In this work, we first explore the identifiability of the IDFT sensing model under MS, which has applications in OFDM communication systems and periodic bandlimited signals. By leveraging techniques from abstract algebra, we establish necessary and sufficient conditions for unique signal recovery, offering key insights into the theoretical limits of modulo-based sampling and reconstruction. Next, we tackle the fundamental problem of line spectral estimation (LSE), which plays a crucial role in various signal processing applications. We propose a robust recovery algorithm that effectively mitigates noise in modulo-sampled signals. By integrating dynamic programming with orthogonal matching pursuit, our method achieves high-accuracy spectral estimation despite the nonlinear distortions introduced by modulo sampling.
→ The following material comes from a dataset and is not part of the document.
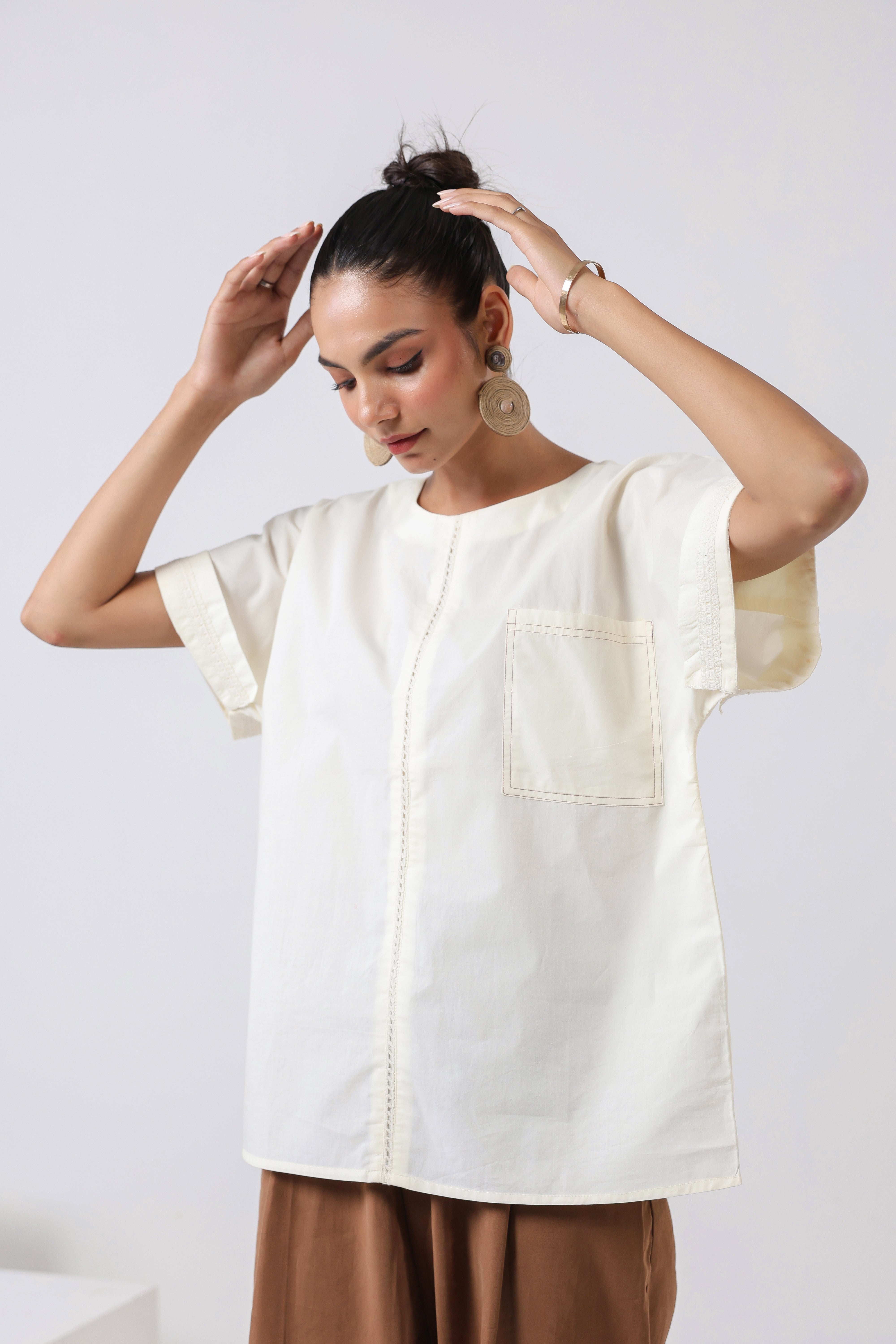 Women's off White Cotton Top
To further validate our approach, we design and implement a prototype modulo ADC and conduct real-world experiments, demonstrating the superior performance of our algorithm compared to existing methods. Finally, we extend our study to direction-of-arrival (DOA) estimation, a critical task in radar and sonar systems. Conventional ADC-based DOA estimation methods struggle in near-far scenarios, where strong and weak sources coexist, leading to significant information loss. To address this issue, we introduce a novel hybrid sampling framework that combines modulo sampling with one-bit quantization. We develop the one-bit-aided blind integerforcing (1bit-aided-BIF) algorithm, which leverages one-bit samples to estimate the covariance matrix and then applies integer-forcing decoder to unwrap modulo samples. Numerical experiments confirm that our approach significantly enhances DOA estimation accuracy in high-dynamic-range environments.
Speaker’s profile

Qi Zhang received the BE degree in electronic information engineering and the ME degree in naval architecture and ocean engineering from Zhejiang University, Hangzhou, China, in 2017 and 2020, respectively. He is currently working toward the PhD degree in information systems technology and design with the Singapore University of Technology and Design, Singapore. His research interests include statistical signal processing, Bayesian compressed sensing, and modulo sampling.